── Supplied entries

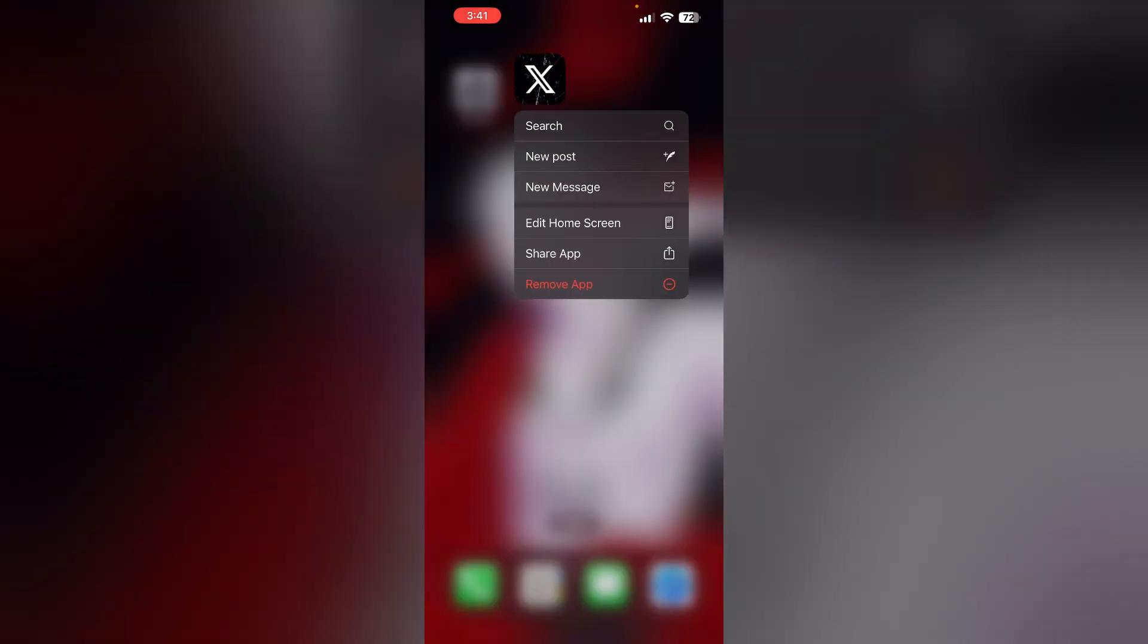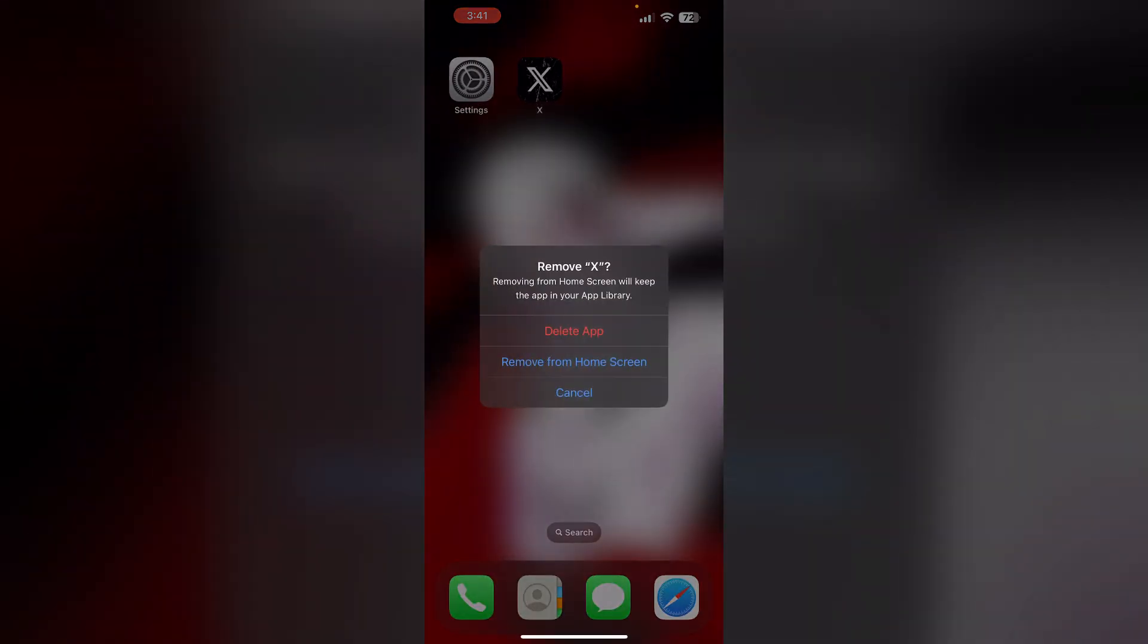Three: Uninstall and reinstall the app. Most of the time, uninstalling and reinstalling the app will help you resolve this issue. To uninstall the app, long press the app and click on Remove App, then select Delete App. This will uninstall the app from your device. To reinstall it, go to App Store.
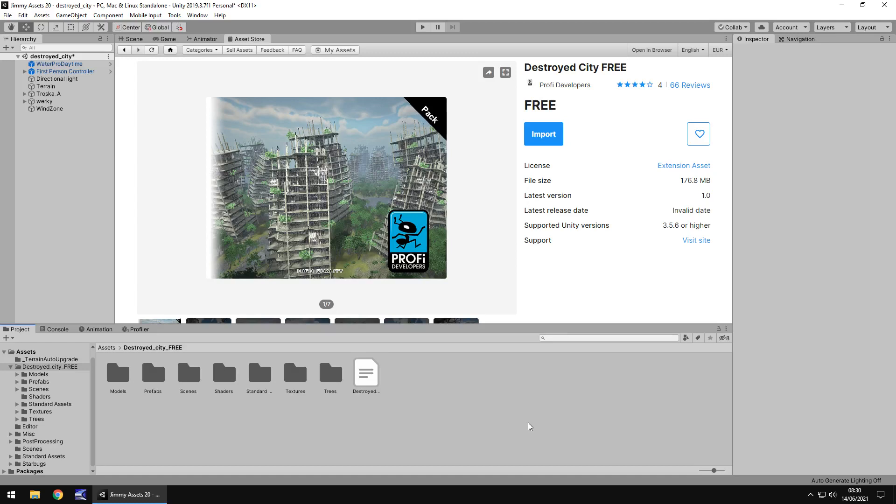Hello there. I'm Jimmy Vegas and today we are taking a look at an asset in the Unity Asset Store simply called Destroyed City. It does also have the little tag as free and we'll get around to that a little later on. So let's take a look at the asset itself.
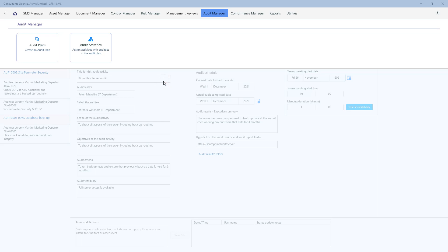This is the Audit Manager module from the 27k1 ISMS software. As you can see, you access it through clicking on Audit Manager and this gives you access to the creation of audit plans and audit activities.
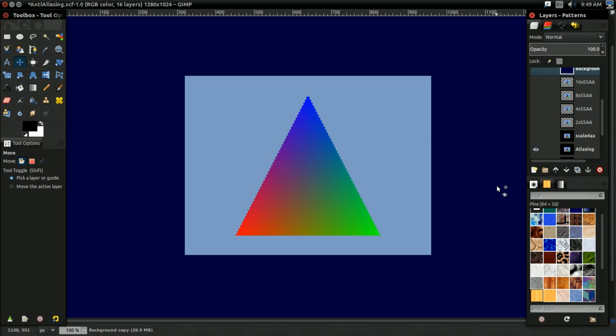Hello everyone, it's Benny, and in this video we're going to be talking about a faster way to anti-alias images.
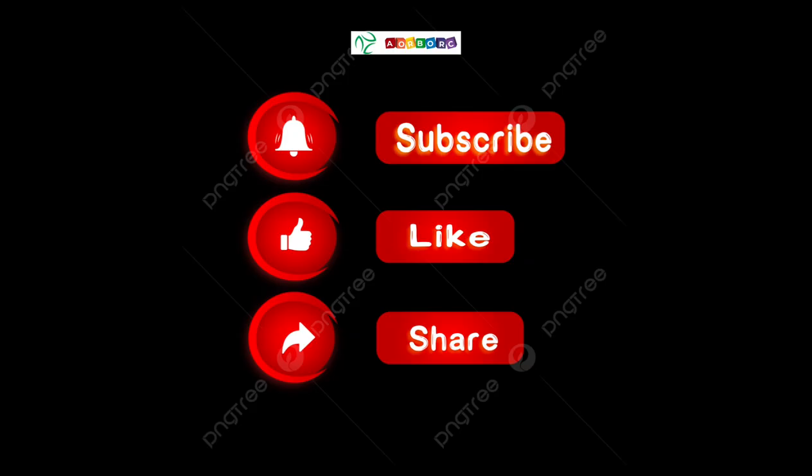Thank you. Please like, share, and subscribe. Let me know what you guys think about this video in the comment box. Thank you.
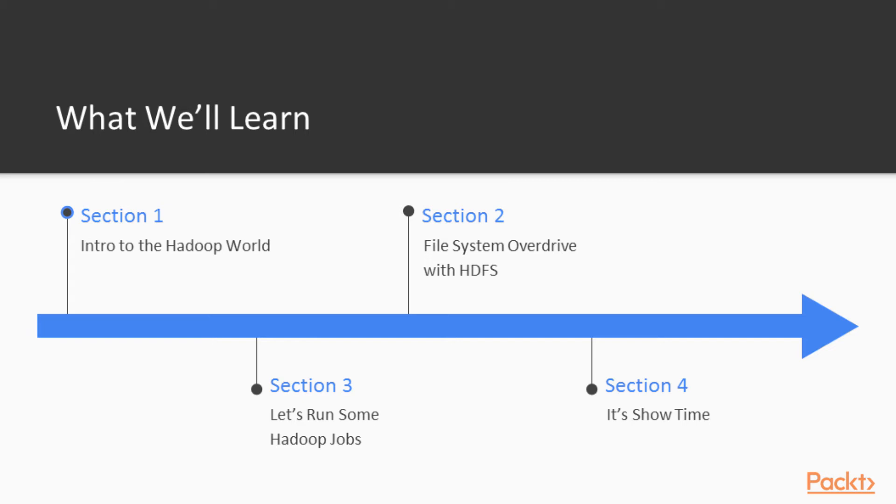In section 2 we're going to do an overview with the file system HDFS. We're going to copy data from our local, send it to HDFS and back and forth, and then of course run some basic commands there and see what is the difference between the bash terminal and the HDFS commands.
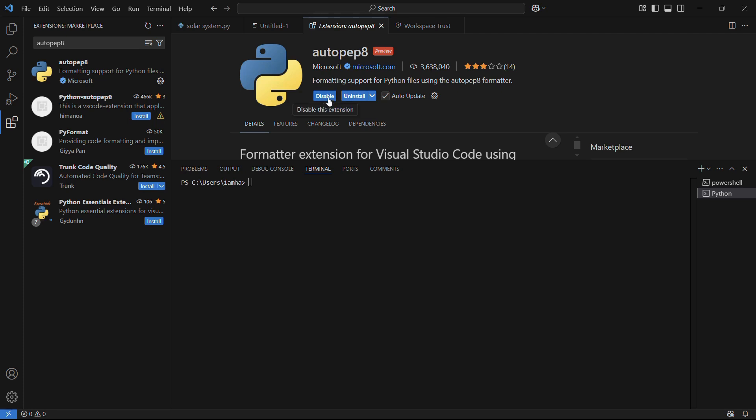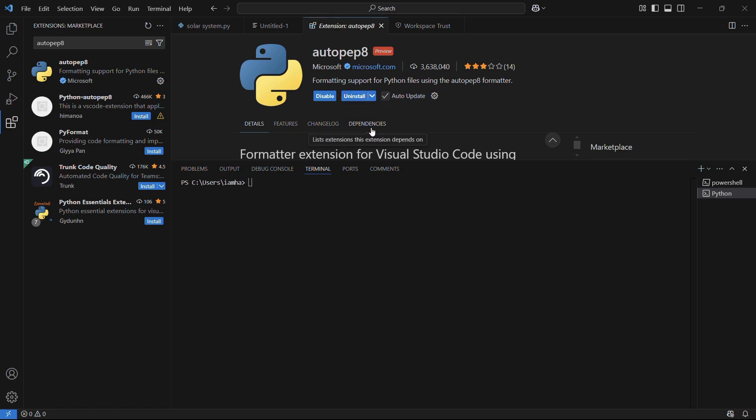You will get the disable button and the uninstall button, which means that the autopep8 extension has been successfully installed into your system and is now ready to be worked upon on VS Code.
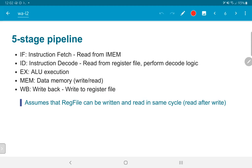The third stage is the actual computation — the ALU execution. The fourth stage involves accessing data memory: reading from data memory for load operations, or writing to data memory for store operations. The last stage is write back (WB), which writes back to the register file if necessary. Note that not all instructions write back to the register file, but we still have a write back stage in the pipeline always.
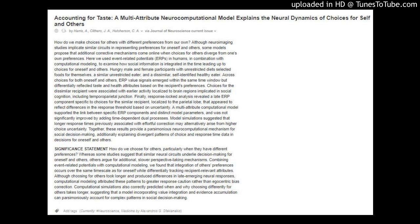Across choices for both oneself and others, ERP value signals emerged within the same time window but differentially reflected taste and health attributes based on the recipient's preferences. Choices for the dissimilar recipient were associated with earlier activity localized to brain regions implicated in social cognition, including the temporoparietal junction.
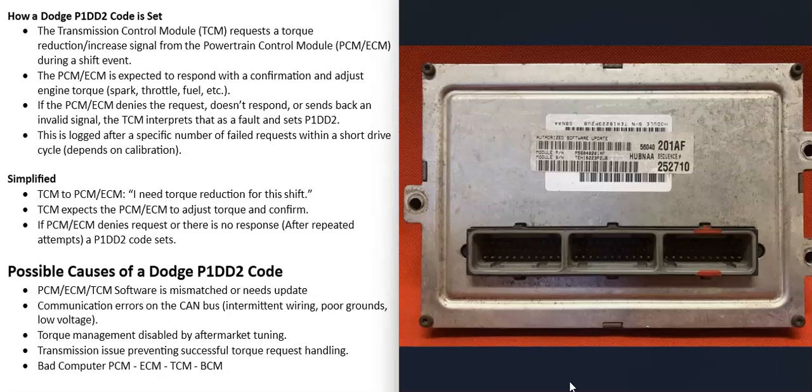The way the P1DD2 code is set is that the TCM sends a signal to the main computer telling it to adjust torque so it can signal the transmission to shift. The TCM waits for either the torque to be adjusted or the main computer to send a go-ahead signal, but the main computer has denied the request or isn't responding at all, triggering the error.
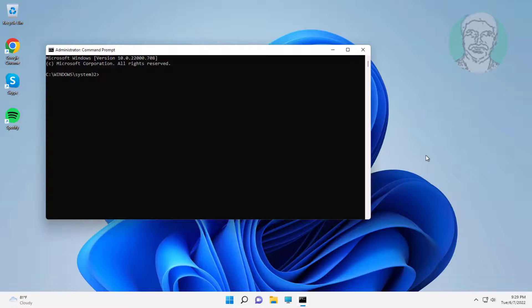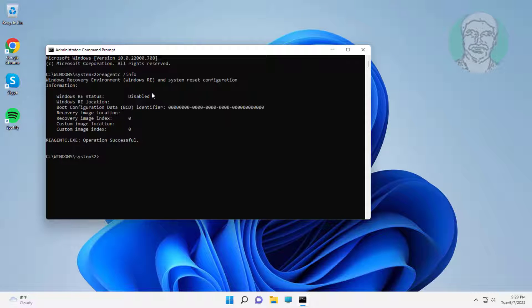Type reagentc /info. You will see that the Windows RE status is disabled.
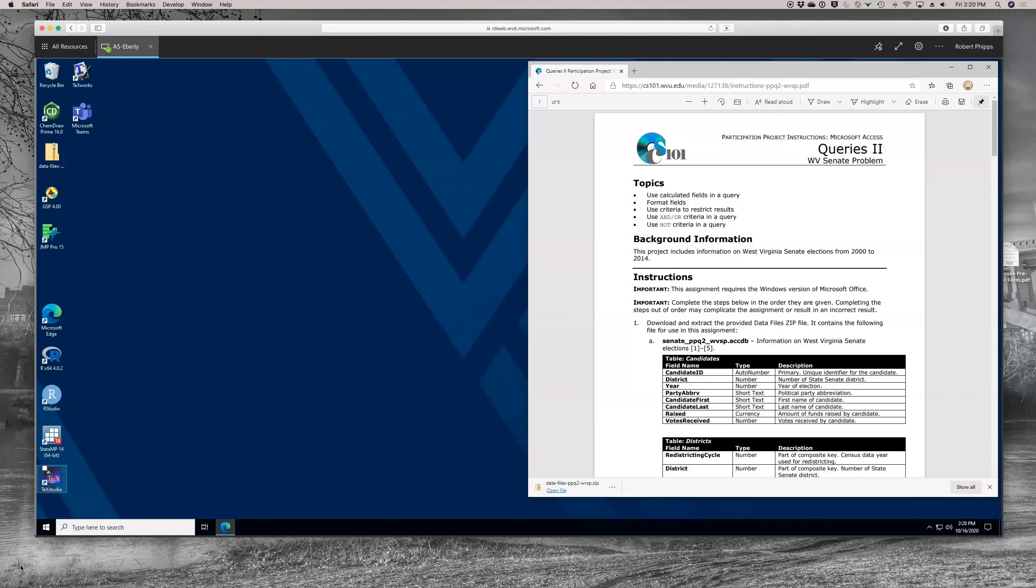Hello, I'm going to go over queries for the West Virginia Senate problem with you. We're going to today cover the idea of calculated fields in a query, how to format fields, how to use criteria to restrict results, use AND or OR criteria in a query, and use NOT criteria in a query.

────

What you should do ::
Your reply should consist solely of the lines above from the line containing "This is the" up to and including the line containing "Across choices for", reproduced exactly, minus the pictures.

The answer ::
This is the Audit Manager module from the 27k1 ISMS software. As you can see, you access it through clicking on Audit Manager and this gives you access to the creation of audit plans and audit activities.
Hello everyone, it's Benny, and in this video we're going to be talking about a faster way to anti-alias images.
Thank you. Please like, share, and subscribe. Let me know what you guys think about this video in the comment box. Thank you.
In section 2 we're going to do an overview with the file system HDFS. We're going to copy data from our local, send it to HDFS and back and forth, and then of course run some basic commands there and see what is the difference between the bash terminal and the HDFS commands.
You will get the disable button and the uninstall button, which means that the autopep8 extension has been successfully installed into your system and is now ready to be worked upon on VS Code.
The third stage is the actual computation — the ALU execution. The fourth stage involves accessing data memory: reading from data memory for load operations, or writing to data memory for store operations. The last stage is write back (WB), which writes back to the register file if necessary. Note that not all instructions write back to the register file, but we still have a write back stage in the pipeline always.
Across choices for both oneself and others, ERP value signals emerged within the same time window but differentially reflected taste and health attributes based on the recipient's preferences. Choices for the dissimilar recipient were associated with earlier activity localized to brain regions implicated in social cognition, including the temporoparietal junction.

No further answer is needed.